The Directive requires member states to put in place harsh penalties for non-compliance, including unlimited compensation for equal pay breaches.

While the Directive does not apply in Great Britain[1] because it was adopted after the end of the transition period following the UK’s exit from the EU, the Directive may be indicative of a shift towards an increased emphasis on pay transparency arising from both wider legal and cultural trends. In this article, we look at how this is manifesting itself outside the EU and ways in which a light is being shone onto a traditionally opaque area, as governments seek to strengthen inclusivity, non-discrimination and gender neutrality in the workplace.

The UK position

Outside of the public sector, certain industries (e.g. education and charity sectors) and certain unionised workforces, it is not uncommon for UK employers to adopt a highly restrictive approach to pay transparency. Job advertisements frequently contain little or no pay information. Remuneration is negotiated on a commercial basis, particularly at a senior level, by reference to factors such as past experience and pay. Employers frequently require employees to keep their pay and bonuses confidential from their colleagues. 
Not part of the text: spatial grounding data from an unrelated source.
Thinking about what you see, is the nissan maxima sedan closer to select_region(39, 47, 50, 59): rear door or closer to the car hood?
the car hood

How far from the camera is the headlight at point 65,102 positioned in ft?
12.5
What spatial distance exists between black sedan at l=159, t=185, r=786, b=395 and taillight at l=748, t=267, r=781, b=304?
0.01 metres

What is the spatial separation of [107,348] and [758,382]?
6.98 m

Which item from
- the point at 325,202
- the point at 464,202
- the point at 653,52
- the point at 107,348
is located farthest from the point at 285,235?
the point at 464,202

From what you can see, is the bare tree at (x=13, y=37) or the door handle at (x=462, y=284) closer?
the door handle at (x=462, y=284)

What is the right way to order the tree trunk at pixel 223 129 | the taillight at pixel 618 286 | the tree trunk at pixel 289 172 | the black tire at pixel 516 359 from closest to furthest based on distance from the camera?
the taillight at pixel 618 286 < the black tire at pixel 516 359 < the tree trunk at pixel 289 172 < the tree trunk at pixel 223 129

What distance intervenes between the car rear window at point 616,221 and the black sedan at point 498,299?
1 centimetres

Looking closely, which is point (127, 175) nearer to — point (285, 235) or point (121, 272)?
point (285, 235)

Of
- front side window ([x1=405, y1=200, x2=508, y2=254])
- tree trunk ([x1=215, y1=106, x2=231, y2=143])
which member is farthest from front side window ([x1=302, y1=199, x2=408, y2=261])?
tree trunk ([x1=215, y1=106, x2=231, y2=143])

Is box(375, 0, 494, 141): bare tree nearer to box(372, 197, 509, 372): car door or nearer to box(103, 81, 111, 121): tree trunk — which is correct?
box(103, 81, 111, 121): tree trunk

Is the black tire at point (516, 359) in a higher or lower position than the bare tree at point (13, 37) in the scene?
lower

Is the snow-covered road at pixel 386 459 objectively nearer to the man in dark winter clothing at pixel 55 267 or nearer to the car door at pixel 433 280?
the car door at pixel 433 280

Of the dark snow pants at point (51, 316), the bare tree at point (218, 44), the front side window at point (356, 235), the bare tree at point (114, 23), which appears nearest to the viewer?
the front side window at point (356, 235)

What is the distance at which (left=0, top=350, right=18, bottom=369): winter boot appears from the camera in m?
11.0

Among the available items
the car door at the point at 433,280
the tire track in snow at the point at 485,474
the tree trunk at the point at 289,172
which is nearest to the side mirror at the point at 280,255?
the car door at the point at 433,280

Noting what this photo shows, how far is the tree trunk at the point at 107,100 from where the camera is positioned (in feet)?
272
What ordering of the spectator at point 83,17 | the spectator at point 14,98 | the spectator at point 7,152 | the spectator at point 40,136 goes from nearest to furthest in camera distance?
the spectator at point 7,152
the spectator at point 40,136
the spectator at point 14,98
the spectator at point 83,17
While there are currently limited restrictions on employers setting remuneration based on individual factors, this lack of transparency gives rise to an inherent risk of discriminatory pay practices and therefore equal pay and discrimination claims. Barriers on discussing pay can also become a touchy subject, giving rise to mistrust and suspicion among workers carrying out the same role but who may be subject to different pay arrangements. However, there are provisions in the Equality Act 2010 (designed to improve pay transparency) that prohibit pay secrecy clauses insofar as they prevent employees from discussing or disclosing pay for the purposes of establishing if there is pay discrimination.  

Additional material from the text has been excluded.